Library	What it solves
`llm-retry-py`	Retry on rate limits, timeouts, provider errors
`llm-output-validator`	Rule-based validation of output shape
`tool-arg-coerce-py`	Coerce parsed output to expected types
`agentvet`	Validate tool arguments before execution
`llm-fallback-chain`	Fall through to backup provider on persistent failure

The structured output pipeline: llm-structured-retry for parse-error-guided correction, llm-output-validator for shape validation after parsing, tool-arg-coerce-py for type coercion on parsed values.

What's Next

Schema-aware error messages: if you pass a JSON schema alongside the parser, the error formatter could generate a schema-specific error message ("Field 'priority' is required but missing" instead of "KeyError: 'priority'"). This would make correction more targeted.
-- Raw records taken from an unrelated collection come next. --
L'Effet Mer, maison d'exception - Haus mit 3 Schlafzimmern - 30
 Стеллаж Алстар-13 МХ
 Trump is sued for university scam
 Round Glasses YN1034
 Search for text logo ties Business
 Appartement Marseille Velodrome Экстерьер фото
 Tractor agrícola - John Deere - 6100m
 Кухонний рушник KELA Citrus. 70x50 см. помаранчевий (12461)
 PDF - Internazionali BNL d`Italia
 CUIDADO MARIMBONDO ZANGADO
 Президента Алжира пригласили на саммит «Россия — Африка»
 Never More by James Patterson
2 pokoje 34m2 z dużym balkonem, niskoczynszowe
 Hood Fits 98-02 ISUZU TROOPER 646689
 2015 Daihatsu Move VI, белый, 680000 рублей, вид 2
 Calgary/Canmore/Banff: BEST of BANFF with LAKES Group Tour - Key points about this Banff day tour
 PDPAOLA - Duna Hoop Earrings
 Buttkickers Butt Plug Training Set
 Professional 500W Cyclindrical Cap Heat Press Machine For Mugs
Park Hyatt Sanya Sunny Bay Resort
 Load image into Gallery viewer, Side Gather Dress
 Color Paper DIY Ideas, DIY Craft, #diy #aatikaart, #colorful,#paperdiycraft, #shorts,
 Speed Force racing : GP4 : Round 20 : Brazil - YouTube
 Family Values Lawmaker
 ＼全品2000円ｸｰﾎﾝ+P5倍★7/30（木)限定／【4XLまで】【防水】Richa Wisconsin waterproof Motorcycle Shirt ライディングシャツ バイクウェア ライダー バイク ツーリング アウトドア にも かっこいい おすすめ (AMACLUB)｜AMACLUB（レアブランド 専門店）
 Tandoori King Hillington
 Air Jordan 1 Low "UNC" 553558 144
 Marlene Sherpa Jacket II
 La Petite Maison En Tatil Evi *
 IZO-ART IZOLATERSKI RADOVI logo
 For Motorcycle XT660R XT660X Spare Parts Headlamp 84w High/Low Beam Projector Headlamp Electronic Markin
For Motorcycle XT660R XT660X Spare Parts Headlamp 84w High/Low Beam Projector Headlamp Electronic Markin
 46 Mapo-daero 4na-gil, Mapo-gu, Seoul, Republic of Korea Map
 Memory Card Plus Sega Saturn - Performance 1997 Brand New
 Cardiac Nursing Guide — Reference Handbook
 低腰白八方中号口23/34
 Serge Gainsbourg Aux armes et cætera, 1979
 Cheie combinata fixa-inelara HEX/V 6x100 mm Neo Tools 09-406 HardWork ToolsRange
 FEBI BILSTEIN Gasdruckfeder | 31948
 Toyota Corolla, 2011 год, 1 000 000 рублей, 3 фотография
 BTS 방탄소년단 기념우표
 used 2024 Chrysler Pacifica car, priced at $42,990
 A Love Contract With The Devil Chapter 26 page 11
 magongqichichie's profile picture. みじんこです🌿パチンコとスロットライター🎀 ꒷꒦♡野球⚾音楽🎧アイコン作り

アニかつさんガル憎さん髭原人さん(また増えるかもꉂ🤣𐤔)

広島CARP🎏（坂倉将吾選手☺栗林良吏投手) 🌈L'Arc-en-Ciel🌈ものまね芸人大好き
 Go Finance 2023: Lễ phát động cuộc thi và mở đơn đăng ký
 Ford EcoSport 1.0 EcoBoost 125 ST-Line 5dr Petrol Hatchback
Partial repair before retry: for JSON specifically, try json5 or demjson to parse leniently before giving up and retrying with error feedback. Some models produce consistently fixable JSON (missing quotes, trailing commas) that a lenient parser can handle without retry overhead.

Streaming retry: for streaming responses, detect parse failure on the complete response and retry. Streaming complicates the history accumulation because you need to collect the full text before parsing.

Built as part of the agent-stack family: composable Python primitives for production LLM agents.